**Task goal:**
Of all the lines in the entries below, give again exactly those starting at the line containing "Restaurant manager talking" and ending at the line containing "Black children's shoe", both ends included, and no others.

**The data:**
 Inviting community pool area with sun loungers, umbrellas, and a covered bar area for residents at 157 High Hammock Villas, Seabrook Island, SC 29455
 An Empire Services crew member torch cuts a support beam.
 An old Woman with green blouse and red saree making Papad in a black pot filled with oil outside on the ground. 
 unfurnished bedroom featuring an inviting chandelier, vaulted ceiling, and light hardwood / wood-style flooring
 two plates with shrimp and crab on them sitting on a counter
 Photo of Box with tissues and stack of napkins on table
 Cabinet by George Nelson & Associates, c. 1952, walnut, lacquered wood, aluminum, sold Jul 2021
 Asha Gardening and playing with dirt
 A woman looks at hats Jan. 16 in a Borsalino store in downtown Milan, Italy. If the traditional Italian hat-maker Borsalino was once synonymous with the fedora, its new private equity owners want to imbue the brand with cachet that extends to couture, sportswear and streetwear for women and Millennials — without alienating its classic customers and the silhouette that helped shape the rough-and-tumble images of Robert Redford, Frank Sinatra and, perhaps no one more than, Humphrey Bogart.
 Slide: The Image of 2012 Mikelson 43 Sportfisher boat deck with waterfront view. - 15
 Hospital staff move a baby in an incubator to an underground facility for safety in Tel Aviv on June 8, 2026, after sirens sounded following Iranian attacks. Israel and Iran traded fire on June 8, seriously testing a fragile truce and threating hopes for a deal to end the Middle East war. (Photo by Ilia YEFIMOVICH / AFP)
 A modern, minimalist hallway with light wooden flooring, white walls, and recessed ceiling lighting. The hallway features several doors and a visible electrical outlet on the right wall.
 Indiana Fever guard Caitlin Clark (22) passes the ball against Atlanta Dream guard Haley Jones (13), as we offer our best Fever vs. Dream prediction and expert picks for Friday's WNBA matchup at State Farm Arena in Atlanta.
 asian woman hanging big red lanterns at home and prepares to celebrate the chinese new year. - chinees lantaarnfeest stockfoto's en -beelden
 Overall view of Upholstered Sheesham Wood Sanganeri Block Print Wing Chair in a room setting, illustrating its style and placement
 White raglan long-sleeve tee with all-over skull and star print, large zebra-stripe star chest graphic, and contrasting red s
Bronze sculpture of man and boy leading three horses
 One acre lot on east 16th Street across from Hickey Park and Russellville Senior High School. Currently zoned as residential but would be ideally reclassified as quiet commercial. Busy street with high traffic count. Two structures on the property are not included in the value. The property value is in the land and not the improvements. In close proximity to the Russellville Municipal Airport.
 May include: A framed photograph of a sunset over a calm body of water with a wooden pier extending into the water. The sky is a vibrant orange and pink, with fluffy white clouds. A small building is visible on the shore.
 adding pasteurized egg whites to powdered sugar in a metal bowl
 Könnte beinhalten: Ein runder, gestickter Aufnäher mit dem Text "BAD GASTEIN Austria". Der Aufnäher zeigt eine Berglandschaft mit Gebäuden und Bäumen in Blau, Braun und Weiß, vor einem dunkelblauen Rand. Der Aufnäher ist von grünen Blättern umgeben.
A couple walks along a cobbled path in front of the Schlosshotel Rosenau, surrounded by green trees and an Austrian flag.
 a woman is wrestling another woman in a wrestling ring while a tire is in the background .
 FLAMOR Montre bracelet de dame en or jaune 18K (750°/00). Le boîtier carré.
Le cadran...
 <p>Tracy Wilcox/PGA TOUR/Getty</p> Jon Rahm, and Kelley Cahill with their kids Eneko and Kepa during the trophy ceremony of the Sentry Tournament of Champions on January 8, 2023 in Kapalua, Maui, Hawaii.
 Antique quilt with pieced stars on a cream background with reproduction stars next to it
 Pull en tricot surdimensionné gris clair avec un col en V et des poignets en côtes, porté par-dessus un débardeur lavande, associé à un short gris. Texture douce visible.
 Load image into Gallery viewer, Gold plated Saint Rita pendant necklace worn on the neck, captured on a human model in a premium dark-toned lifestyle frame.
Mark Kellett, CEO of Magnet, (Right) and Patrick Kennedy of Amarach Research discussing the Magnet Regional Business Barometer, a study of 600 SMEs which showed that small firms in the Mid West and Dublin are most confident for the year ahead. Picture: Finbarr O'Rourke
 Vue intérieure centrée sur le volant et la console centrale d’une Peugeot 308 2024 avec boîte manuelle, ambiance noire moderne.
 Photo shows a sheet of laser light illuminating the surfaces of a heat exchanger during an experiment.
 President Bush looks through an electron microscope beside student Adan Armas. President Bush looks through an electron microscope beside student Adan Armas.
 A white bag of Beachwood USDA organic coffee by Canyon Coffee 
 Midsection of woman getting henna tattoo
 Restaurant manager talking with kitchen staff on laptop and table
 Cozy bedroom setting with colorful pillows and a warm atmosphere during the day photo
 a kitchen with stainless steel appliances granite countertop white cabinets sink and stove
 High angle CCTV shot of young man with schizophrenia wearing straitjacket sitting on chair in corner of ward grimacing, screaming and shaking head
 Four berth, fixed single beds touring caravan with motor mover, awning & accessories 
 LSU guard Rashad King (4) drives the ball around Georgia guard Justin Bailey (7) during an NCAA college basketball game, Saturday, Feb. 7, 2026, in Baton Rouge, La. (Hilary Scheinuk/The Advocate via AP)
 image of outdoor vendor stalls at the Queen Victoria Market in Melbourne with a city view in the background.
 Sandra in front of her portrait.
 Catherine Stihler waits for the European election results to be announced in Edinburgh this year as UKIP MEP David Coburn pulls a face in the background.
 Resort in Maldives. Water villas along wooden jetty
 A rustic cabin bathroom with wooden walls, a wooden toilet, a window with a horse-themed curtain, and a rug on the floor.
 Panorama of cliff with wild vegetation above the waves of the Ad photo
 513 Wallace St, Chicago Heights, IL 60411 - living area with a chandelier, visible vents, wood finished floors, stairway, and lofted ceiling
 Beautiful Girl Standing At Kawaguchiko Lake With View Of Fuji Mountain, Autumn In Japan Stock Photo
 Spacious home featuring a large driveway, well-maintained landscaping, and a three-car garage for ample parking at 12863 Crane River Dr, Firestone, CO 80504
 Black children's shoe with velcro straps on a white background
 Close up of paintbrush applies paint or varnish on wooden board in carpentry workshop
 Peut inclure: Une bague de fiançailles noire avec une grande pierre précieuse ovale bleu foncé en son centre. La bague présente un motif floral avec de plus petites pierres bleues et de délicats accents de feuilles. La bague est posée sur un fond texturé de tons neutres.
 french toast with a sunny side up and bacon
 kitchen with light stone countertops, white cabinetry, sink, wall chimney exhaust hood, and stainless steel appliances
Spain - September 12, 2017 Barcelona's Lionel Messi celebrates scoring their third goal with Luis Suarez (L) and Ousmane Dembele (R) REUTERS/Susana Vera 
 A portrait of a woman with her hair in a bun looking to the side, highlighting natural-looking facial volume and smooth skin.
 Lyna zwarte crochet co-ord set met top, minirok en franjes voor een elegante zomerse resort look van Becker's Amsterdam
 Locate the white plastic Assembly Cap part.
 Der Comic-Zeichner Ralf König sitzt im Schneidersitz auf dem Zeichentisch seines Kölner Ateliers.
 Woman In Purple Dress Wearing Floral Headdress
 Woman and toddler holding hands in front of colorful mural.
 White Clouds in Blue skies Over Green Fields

**Written answer:**
 Restaurant manager talking with kitchen staff on laptop and table
 Cozy bedroom setting with colorful pillows and a warm atmosphere during the day photo
 a kitchen with stainless steel appliances granite countertop white cabinets sink and stove
 High angle CCTV shot of young man with schizophrenia wearing straitjacket sitting on chair in corner of ward grimacing, screaming and shaking head
 Four berth, fixed single beds touring caravan with motor mover, awning & accessories 
 LSU guard Rashad King (4) drives the ball around Georgia guard Justin Bailey (7) during an NCAA college basketball game, Saturday, Feb. 7, 2026, in Baton Rouge, La. (Hilary Scheinuk/The Advocate via AP)
 image of outdoor vendor stalls at the Queen Victoria Market in Melbourne with a city view in the background.
 Sandra in front of her portrait.
 Catherine Stihler waits for the European election results to be announced in Edinburgh this year as UKIP MEP David Coburn pulls a face in the background.
 Resort in Maldives. Water villas along wooden jetty
 A rustic cabin bathroom with wooden walls, a wooden toilet, a window with a horse-themed curtain, and a rug on the floor.
 Panorama of cliff with wild vegetation above the waves of the Ad photo
 513 Wallace St, Chicago Heights, IL 60411 - living area with a chandelier, visible vents, wood finished floors, stairway, and lofted ceiling
 Beautiful Girl Standing At Kawaguchiko Lake With View Of Fuji Mountain, Autumn In Japan Stock Photo
 Spacious home featuring a large driveway, well-maintained landscaping, and a three-car garage for ample parking at 12863 Crane River Dr, Firestone, CO 80504
 Black children's shoe with velcro straps on a white background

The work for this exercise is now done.